Predicting the Test set results:

y_predicted = regressor.predict(x_test)
  • Once we are done with training, we can test our model by using the test data that we prepared in the previous steps.

Visualising the Training set results:

plt.scatter(x_train,y_train, color='red')
plt.plot(x_train, regressor.predict(x_train), color='blue')
plt.title("Property Price")
plt.xlabel("Area")
plt.ylabel("Price")
plt.show()

Screenshot_20220623_202618.png

Visualising the Test set results:

plt.scatter(x_test,y_test, color='red')
plt.plot(x_train, regressor.predict(x_train), color='blue')
plt.title("Property Price")
plt.xlabel("Area")
plt.ylabel("Price")
plt.show()

Screenshot_20220623_202651.png

Making a single prediction (for example the price of house with 3210 sq feet area)

print(regressor.predict([[3210]]))

Therefore our model predicts that the price of house with 3210 sq feet of area as ₹ 166468.72605157.

Important Note: Notice that the value of the feature (15 years) was input in a double pair of square brackets.
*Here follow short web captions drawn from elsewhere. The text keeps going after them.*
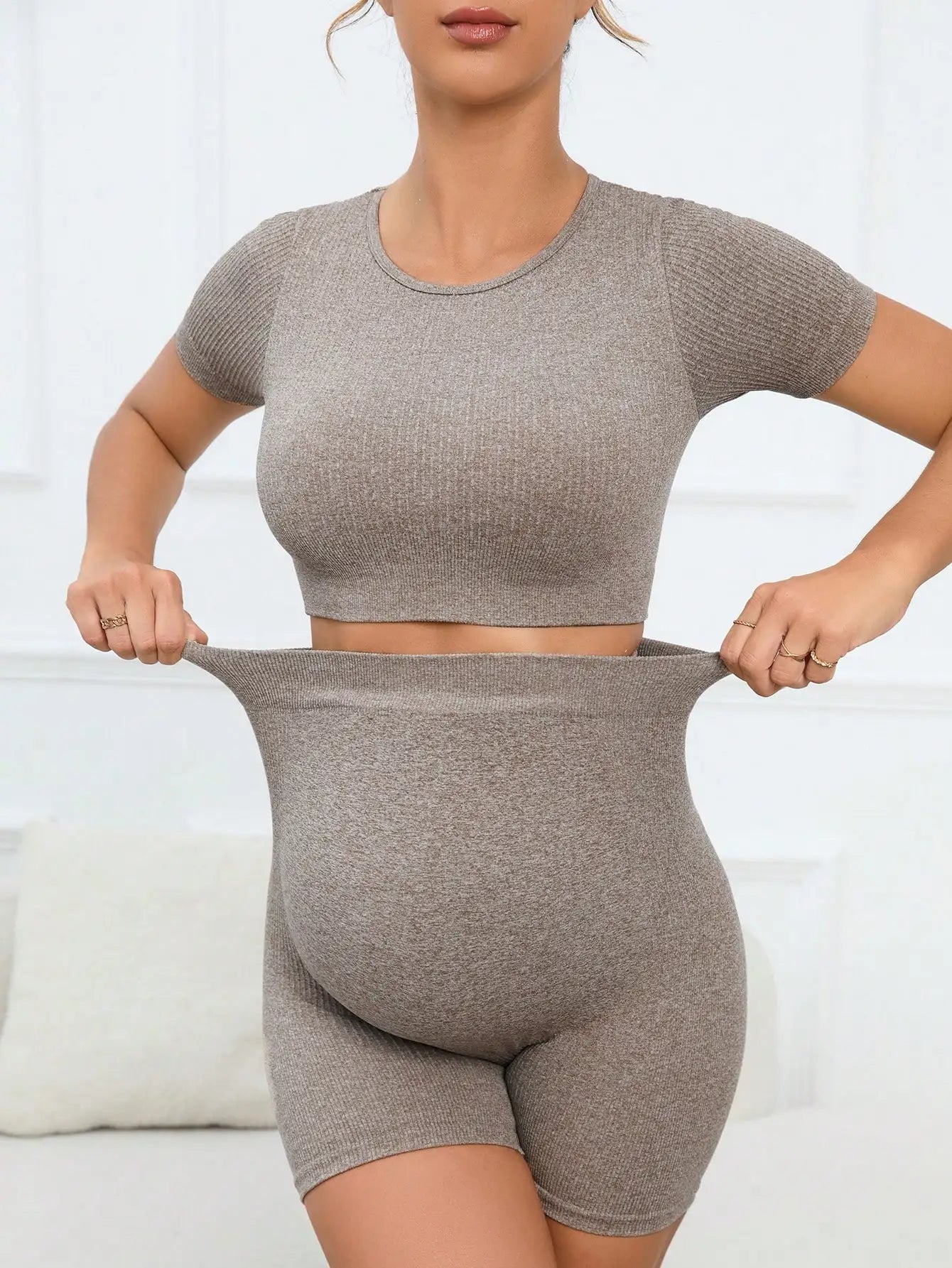 Summer Maternity Safe Pants Wearable Seamless Yoga Pants Anti-exposure Three-quarter Base Shark Pants For Women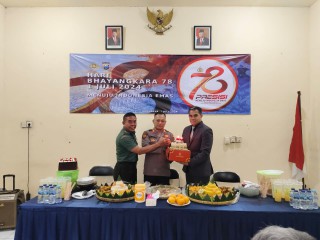 Sinergitas Forkopimcam Berikan Tumpeng di HUT Bhayangkara Ke-78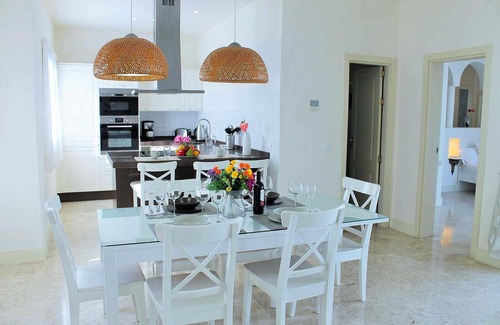 Geafond House | Ideal Retreat for 5 Near the Beach with Spa & Breakfast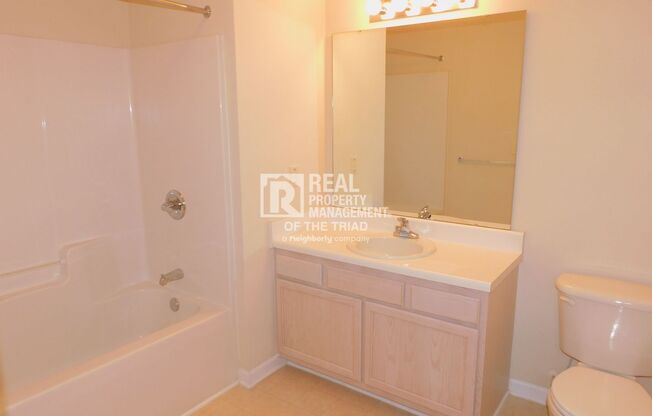 2 beds, 2 baths, $1,225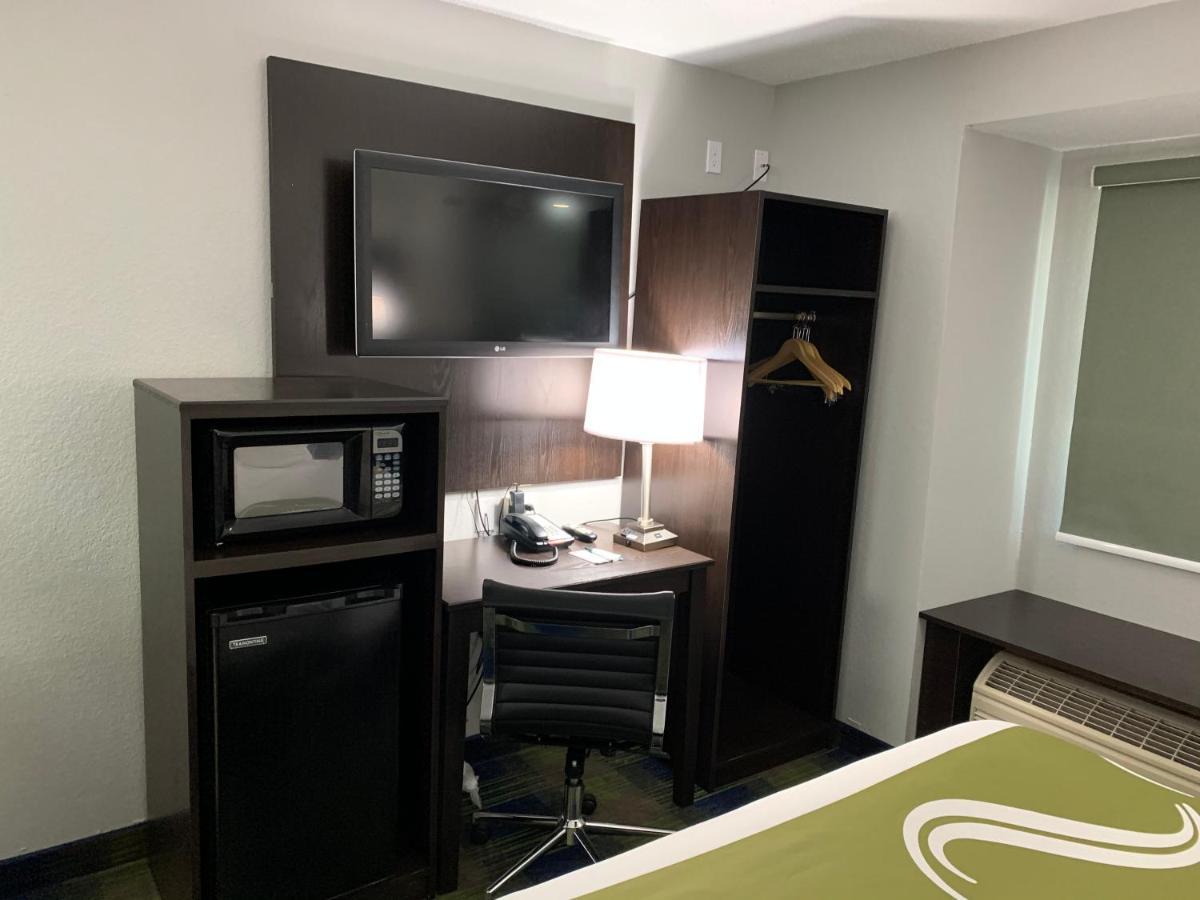 Quality Inn Owatonna Near Medical Center Екстериор снимка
That's because the "predict" method always expects a 2D array as the format of its inputs. And putting 15 into a double pair of square brackets makes the input exactly a 2D array. Simply put:

$$3210 \rightarrow \textrm{scalar}$$

$$[3210] \rightarrow \textrm{1D array}$$

$$[[3210]] \rightarrow \textrm{2D array}$$

Getting the final linear regression equation with the values of the coefficients

print(regressor.coef_)
print(regressor.intercept_)

132.87373004, 190478.95500725694 are returned as the output of above.

Therefore the equation of our simple linear regression becomes:

$$\textrm{Price of Property} = 132.87 \times \textrm{Area} + 190478.96$$

Important Note: To get these coefficients we called the "coef" and "intercept" attributes from our regressor object. Attributes in Python are different than methods and usually return a simple value or an array of values.

Using this equation we can find price of propery with any area.